Ninguém precisa falar conosco, para nos definir. Basta olhar para nós. Somos o que o nosso rosto não esconde e nosso olhar inamistoso revela: magoados, sofridos, desencantados. Sorrir para quem, se aquele para quem sorrimos pode nos cercar na próxima esquina e nos apontar um revólver para roubar os minguados reais de nossa carteira? Falar com quem, se ninguém quer falar com ninguém? Somos robôs programados para o essencial e já faz muito tempo que o essencial não inclui a convivência.
Se bater um papo é difícil, manter um diálogo é uma impossibilidade. Já reparou nas caras feias que logo se armam quando numa reunião alguém comete o pecado mortal de tentar pôr em circulação um assunto que não seja o futebol, a vida íntima dos astros do cinema e da TV ou a nova maravilha em dietas ou regimes?
Ninguém lhe dirá nada, porque falar cansa. Mas você lerá em todos os rostos algo mais ou menos assim: – Ah, qual é a desse cara? Se a dona da casa não enfiar logo um sanduíche na boca desse cretino, já ele vai vir com aquela caretice de literatura engajada e imortalidade da alma.
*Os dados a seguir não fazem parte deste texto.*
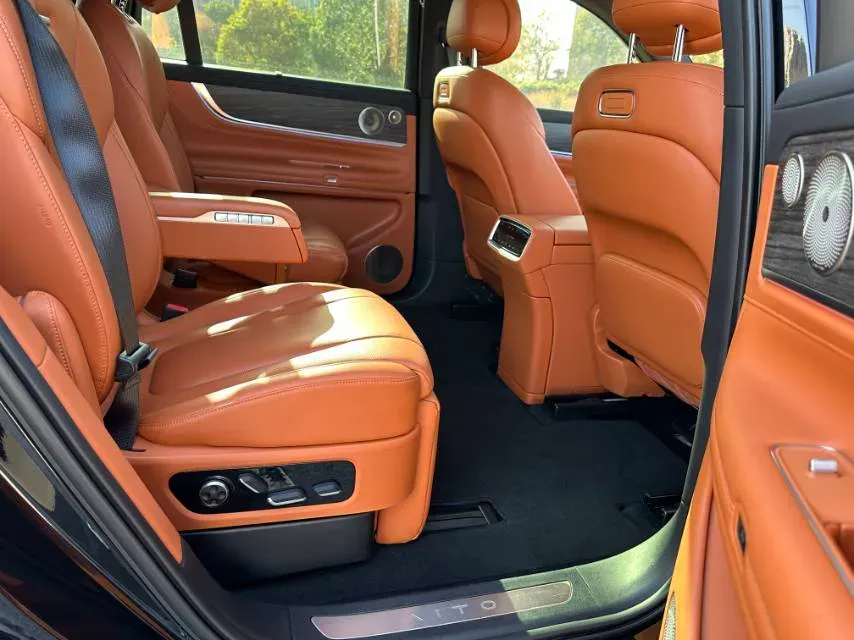 2024 AITO AITO M9 1.5T 152HP L4 REEV 42KWH,autocango,china used car exporter,china ev exporter,chinese used car exporter,chinese used ev exporter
Sem ter com quem conversar, às vezes um dos nossos se põe a falar sozinho por aí. Você já viu alguns deles pela cidade – Alguns, mais modestos, andam pelos bairros da periferia. E falam, falam, falam sem parar. Falam para os carros, para os passarinhos, para as árvores, para os postes. Não falam conosco. Já tentaram, em outro tempo, e enlouqueceram de tanto tentar.
Ontem, vi um desses desvairados. Entrei numa dessas agências bancárias em que não há funcionários, só máquinas, e o vi conversando com uma delas.
A máquina pedia: – Digite sua senha.
Ele digitava e dizia: – OK.
A máquina sugeria: – Digite o valor dos cheques depositados.
Ele digitava e agradecia: – Obrigado.
Aí ele errava, e a máquina repetia: – Digite o valor dos cheques depositados.
Ele digitava de novo e se eximia: – Desculpe, hoje eu estou atrapalhado.
A conversa continuou, enquanto eu, na minha máquina, muda, sacava um dinheirinho. Enfiei as notas no bolso, saí e fiquei um minuto ou dois lendo as manchetes numa banca. Quando me dispus a retomar meu caminho, quem foi que se aproximou de mim? O homem, aquele. Olhou-me com simpatia e me perguntou: – Tudo bem?
Entrei em pânico. Ele, então, levantou a mão e me cumprimentou: – Até logo e boa sorte.
Enquanto eu, estupefato, não sabia se respondia ou não, ele atravessou a rua e se foi. Era um louco, só podia ser. Falava e, além de falar, sorria.